Sonra, esma-i kudsiye-i İlahiyenin nukuşlarından ibaret olan bedî’ sanatları, birbirinin nazar-ı ibretlerine gösterip dellâllık ve ilancılıktır.
Sonra, her biri birer gizli hazine-i maneviye hükmünde olan esma-i Rabbaniyenin cevherlerini idrak terazisiyle tartmak, kalbin kıymet-şinaslığı ile takdirkârane kıymet vermektir.
Sonra, kalem-i kudretin mektubatı hükmünde olan mevcudat sahifelerini, arz ve sema yapraklarını mütalaa edip hayretkârane tefekkürdür.
Sonra, şu mevcudattaki ziynetleri ve latîf sanatları istihsankârane temaşa etmekle onların Fâtır-ı Zülcemal’inin marifetine muhabbet etmek ve onların Sâni’-i Zülkemal’inin huzuruna çıkmaya ve iltifatına mazhar olmaya bir iştiyaktır.
İkinci vecih, huzur ve hitap makamıdır ki eserden müessire geçer, görür ki: Bir Sâni’-i Zülcelal, kendi sanatının mu’cizeleri ile kendini tanıttırmak ve bildirmek ister. O da iman ile marifet ile mukabele eder.
Sonra görür ki bir Rabb-i Rahîm, rahmetinin güzel meyveleriyle kendini sevdirmek ister. O da ona hasr-ı muhabbetle, tahsis-i taabbüdle kendini ona sevdirir.
Sonra görüyor ki bir Mün’im-i Kerîm, maddî ve manevî nimetlerin lezizleriyle onu perverde ediyor. O da ona mukabil; fiiliyle, haliyle, kāliyle, hattâ elinden gelse bütün hâsseleri ile cihazatı ile şükür ve hamd ü sena eder.
Sonra görüyor ki bir Celil-i Cemil, şu mevcudatın âyinelerinde kibriya ve kemalini ve celal ve cemalini izhar edip nazar-ı dikkati celbediyor. O da ona mukabil, “Allahu ekber, Sübhanallah” deyip mahviyet içinde hayret ve muhabbet ile secde eder.
Sonra görüyor ki bir Ganiyy-i Mutlak, bir sehavet-i mutlak içinde nihayetsiz servetini, hazinelerini gösteriyor. O da ona mukabil, tazim ve sena içinde kemal-i iftikar ile sual eder ve ister.

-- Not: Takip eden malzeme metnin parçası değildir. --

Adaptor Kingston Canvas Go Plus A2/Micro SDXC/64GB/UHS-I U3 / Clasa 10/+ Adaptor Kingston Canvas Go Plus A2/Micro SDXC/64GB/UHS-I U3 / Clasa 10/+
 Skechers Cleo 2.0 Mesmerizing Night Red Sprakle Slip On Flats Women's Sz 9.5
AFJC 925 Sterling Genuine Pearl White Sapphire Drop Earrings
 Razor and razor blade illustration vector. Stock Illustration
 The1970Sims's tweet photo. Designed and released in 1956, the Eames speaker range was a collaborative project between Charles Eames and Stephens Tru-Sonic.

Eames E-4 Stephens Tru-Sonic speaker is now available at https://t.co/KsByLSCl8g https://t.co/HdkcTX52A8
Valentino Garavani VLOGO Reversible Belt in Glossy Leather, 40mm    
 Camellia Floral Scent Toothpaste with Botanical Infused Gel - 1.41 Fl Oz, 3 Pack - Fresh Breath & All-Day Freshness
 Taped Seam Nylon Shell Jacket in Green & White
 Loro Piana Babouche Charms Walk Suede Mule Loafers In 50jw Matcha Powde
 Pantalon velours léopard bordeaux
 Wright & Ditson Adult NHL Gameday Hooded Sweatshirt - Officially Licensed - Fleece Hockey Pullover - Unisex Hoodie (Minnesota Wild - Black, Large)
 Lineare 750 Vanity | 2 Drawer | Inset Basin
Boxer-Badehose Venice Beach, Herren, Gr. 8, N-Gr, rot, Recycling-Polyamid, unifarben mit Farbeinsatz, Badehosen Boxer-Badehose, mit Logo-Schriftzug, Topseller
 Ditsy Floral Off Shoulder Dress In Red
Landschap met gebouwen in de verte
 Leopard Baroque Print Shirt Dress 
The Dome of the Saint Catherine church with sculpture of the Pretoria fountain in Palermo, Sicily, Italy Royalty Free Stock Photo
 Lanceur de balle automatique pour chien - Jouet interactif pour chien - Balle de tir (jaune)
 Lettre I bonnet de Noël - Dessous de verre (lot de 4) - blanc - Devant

Sonra görüyor ki o Fâtır-ı Zülcelal, yeryüzünü bir sergi hükmünde yapmış. Bütün antika sanatlarını orada teşhir ediyor. O da ona mukabil, “Mâşâallah” diyerek takdir ile “Bârekellah” diyerek tahsin ile “Sübhanallah” diyerek hayret ile “Allahu ekber” diyerek istihsan ile mukabele eder.
Sonra görüyor ki bir Vâhid-i Ehad, şu kâinat sarayında taklit edilmez sikkeleriyle, ona mahsus hâtemleriyle, ona münhasır turralarıyla, ona has fermanlarıyla bütün mevcudata damga-i vahdet koyuyor ve tevhidin âyâtını nakşediyor. Ve âfak-ı âlemin aktarında vahdaniyetin bayrağını dikiyor ve rububiyetini ilan ediyor. O
da ona mukabil, tasdik ile iman ile tevhid ile iz’an ile şehadet ile ubudiyet ile mukabele eder.
İşte bu çeşit ibadat ve tefekküratla hakiki insan olur, ahsen-i takvimde olduğunu gösterir. İmanın yümnüyle emanete lâyık, emin bir halife-i arz olur.
Ey ahsen-i takvimde yaratılan ve sû-i ihtiyarıyla esfel-i safilîn tarafına giden insan-ı gafil! Beni dinle. Ben de senin gibi gençlik sarhoşluğuyla gaflet içinde dünyayı hoş ve güzel gördüğüm halde, gençlik sarhoşluğundan ihtiyarlık sabahında ayıldığım dakikada, o güzel zannettiğim âhirete müteveccih olmayan dünyanın yüzünü nasıl çirkin gördüğümü ve âhirete bakan hakiki yüzü ne kadar güzel olduğunu, On Yedinci Söz’ün İkinci Makamı’nın 233-234’üncü sahifelerinde yazılan iki levha-i hakikate bak, sen de gör:
Birinci Levha: Ehl-i dalalet gibi fakat sarhoş olmadan gaflet perdesiyle eskiden gördüğüm ehl-i gaflet dünyasının hakikatini tasvir eder.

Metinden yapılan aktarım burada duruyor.